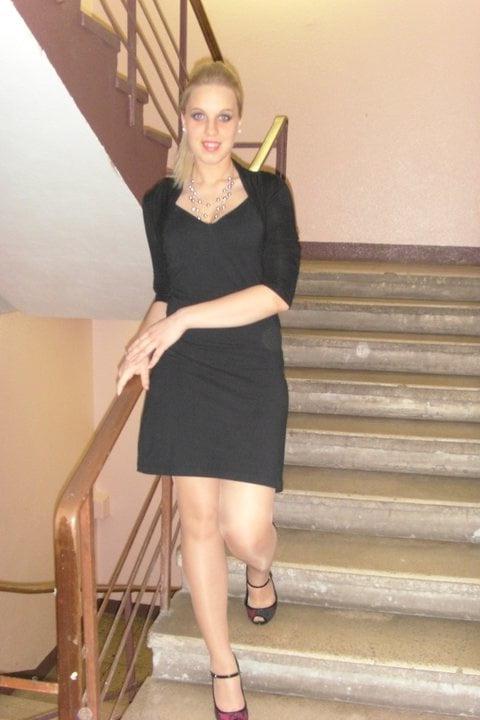 25P sexy females in tights pantyhose nylons 20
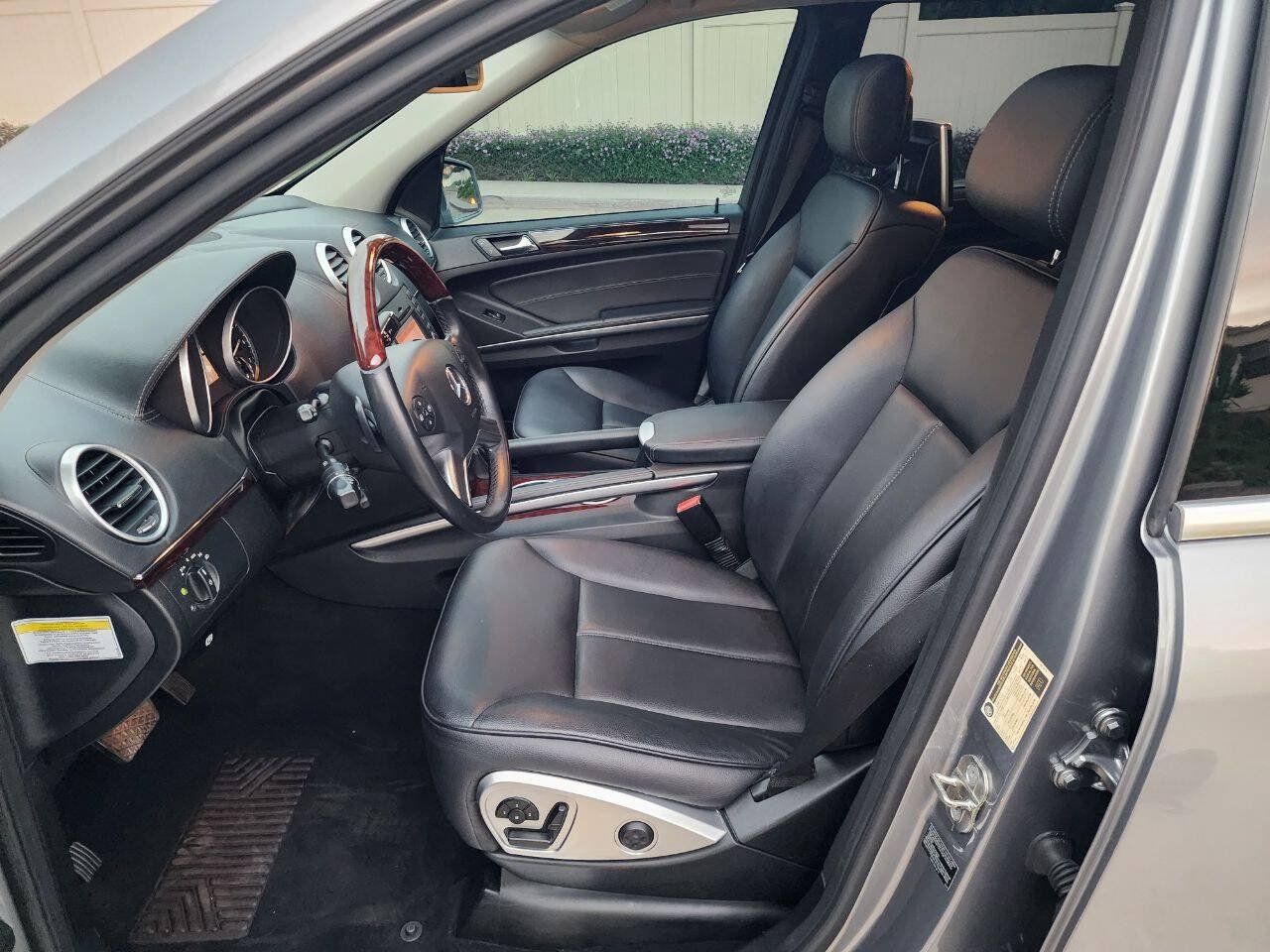 Used 2012 Mercedes-Benz GL 450 4MATIC image 11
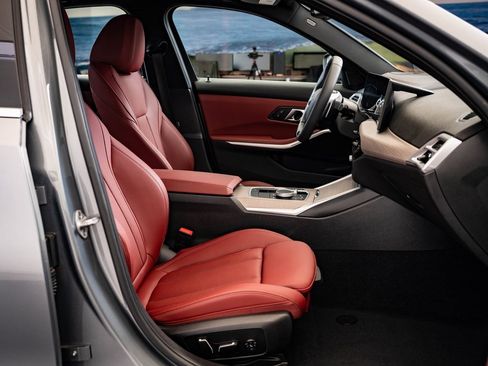 Used 2025 BMW 330i xDrive Sedan image 25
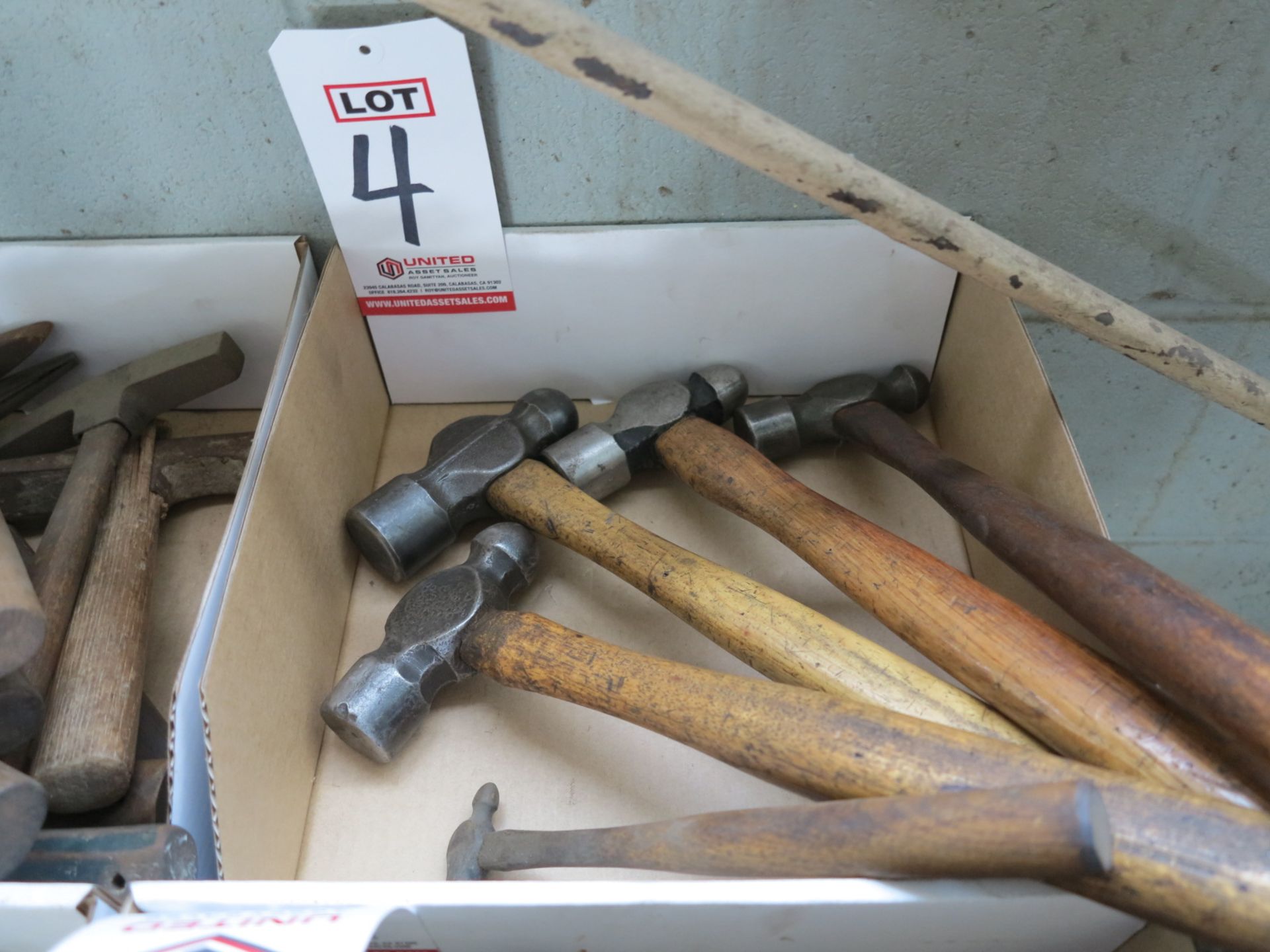 LOT - BALL PEEN HAMMERS, ASSORTED SIZES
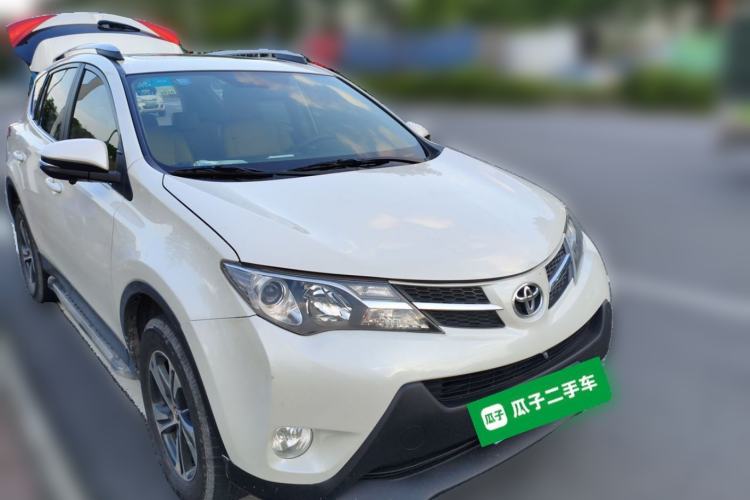Used Toyota RAV4 2015 2.0L CVT Two-Wheel Drive Fashion Edition Front Right 45 Deg
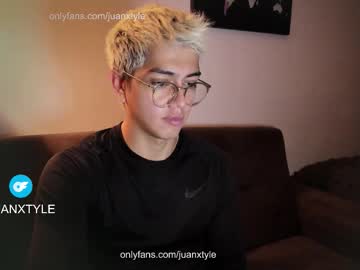 Juancamroom Chaturbate stream image from February 27, 2026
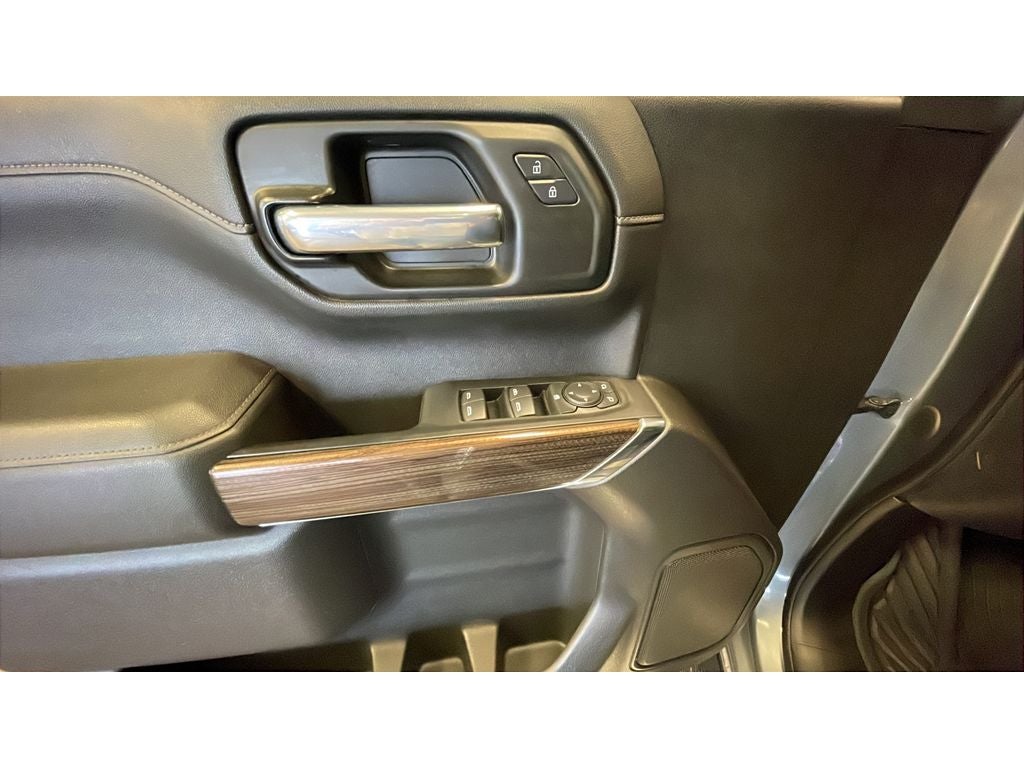 2021 Chevrolet Silverado RST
------------------------------------------------------------------------
# About this task
Starting at the line that holds "LOT - BALL PEEN HAMMERS, ASSORTED SIZES" and ending at the last line of the material above, repeat each line exactly, both ends included, and leave the pictures out.

# Worked solution
 LOT - BALL PEEN HAMMERS, ASSORTED SIZES
Used Toyota RAV4 2015 2.0L CVT Two-Wheel Drive Fashion Edition Front Right 45 Deg
 Juancamroom Chaturbate stream image from February 27, 2026
 2021 Chevrolet Silverado RST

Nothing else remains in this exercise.